A Baobáxia visa levar as tecnologias da comunicação a lugares e pessoas que antes não tinham acesso a elas. Atualmente, existem cerca de 120 quilombos da Rede Mocambos com acesso a internet e mais 80 em processo de implementação de seus centros digitais. Porém, os que estão situados em regiões afastadas dos grandes centros urbanos ainda enfrentam dificuldades para acessar a rede.

Por meio da Baobáxia,  poderão criar um acervo digital de conteúdos textuais e audiovisuais, descentralizado e sincronizado periodicamente entre servidores locais nas comunidade. Assim, a circulação do conhecimento pode ocorrer também offline. A iniciativa é importante, já que a cultura negra e quilombola está dispersa e fragmentada, também no universo da internet. As produções culturais da comunidade também estarão nesse acervo.

Para TC Silva, sábio da matriz africana e articulador da cultura digital, a Rede firmou, em pouco mais de dez anos de existência, alguns convênios importantes com os Ministério das Comunicações e Cultura. “Começamos localmente porque não tínhamos pernas pra expandir. Hoje  podemos dizer que a Rede Mocambos está representada em mais de 20 estados do país e fora dele também, temos efetivado essa conexão a exemplo do que a gente vivenciou aqui na Rota com o povo de Mururata”, aponta.

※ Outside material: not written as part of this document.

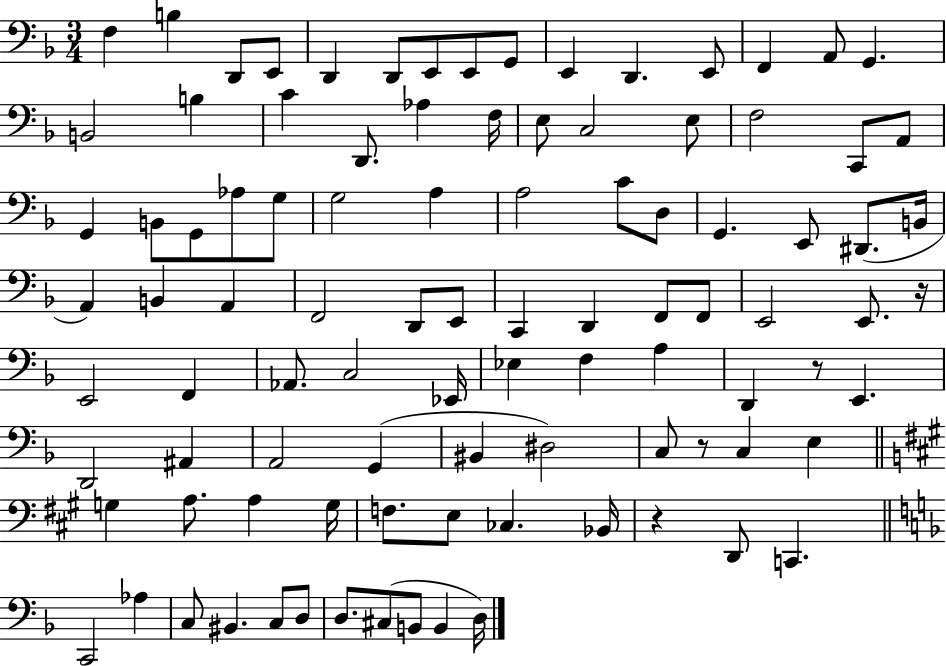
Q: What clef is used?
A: bass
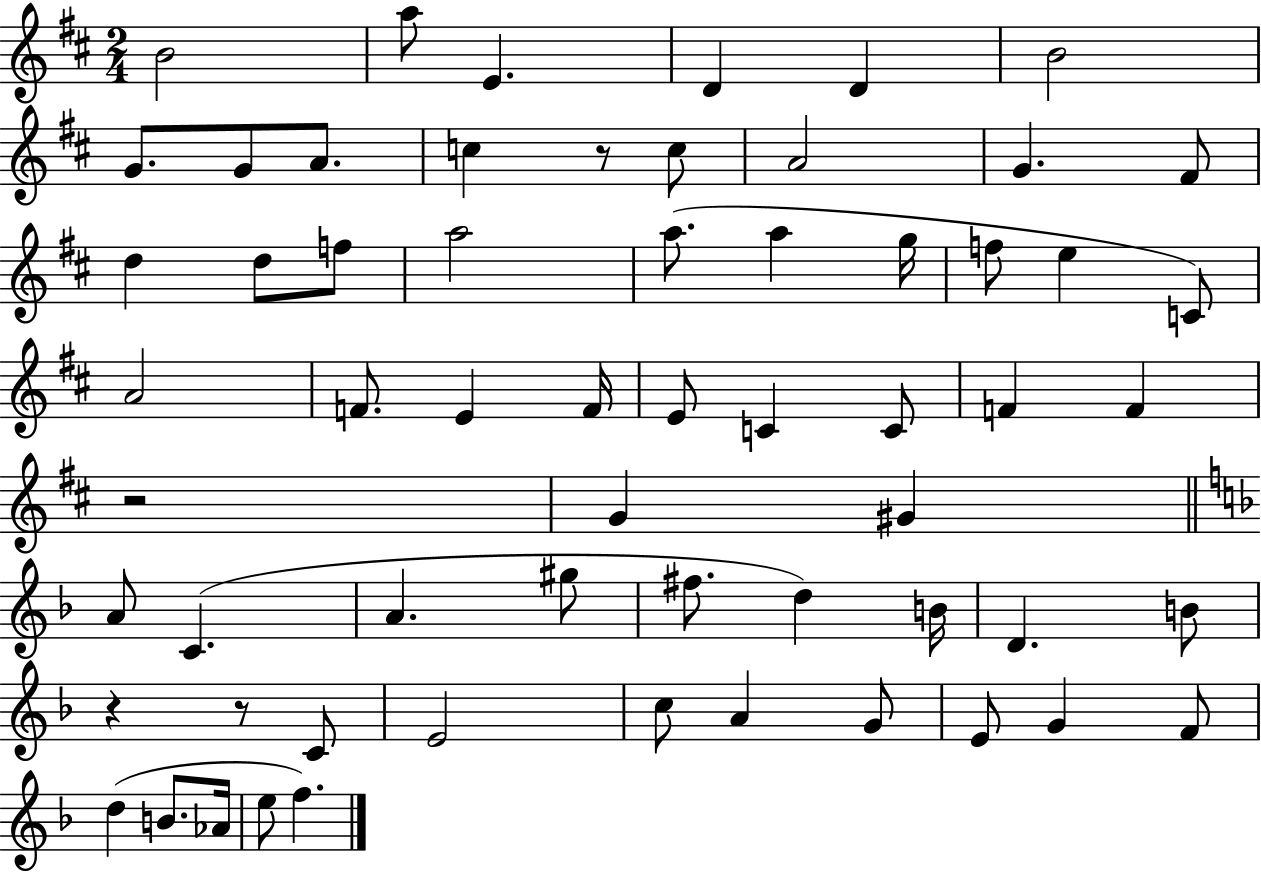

TC ressalta a importância do conhecimento sobre as tecnologias africanas e salienta que é preciso ficar atento às falácias criadas para explicar o surgimento das tecnologias. “As tecnologias africanas contribuíram para a sobrevivência da humanidade. A tecnologia não nasceu aqui ou na Grécia. Tem outros fatores que foram negados, muitas apropriações de saberes. Inventaram a lógica das patentes, do acúmulo de poder, de domínio e essas lógicas não respeitam as histórias verdadeiras, elas constróem histórias de acordo com a sua convicção. Criam deuses, demônios, todo tipo de falsidade para dominar”, defende.

O trabalho da Rede Mocambos já viabilizou o contato entre diversas comunidades quilombolas por meio de tecnologias da comunicação. Para TC, água, terra e informação são os pontos fundamentais para que haja autonomia e liberdade para esse povos. Vince, também da Rede Mocambos, reforça essa ideia. “A gente está nessa luta pra tentar melhorar a comunicação, a apropriação de tecnologias para uma comunicação mais humana. Nesse ponto,  a gente tem mais uma vez como referência o Baobá”, diz.

Em 2014, outras Rotas do Baobá estão previstas para acontecer pelo Brasil afora. O Laboratório de Cultura Digital segue apoiando a Rede Mocambos com o objetivo de contribuir para o fortalecimento da tradição e da autonomia dos povos e de sua cultura.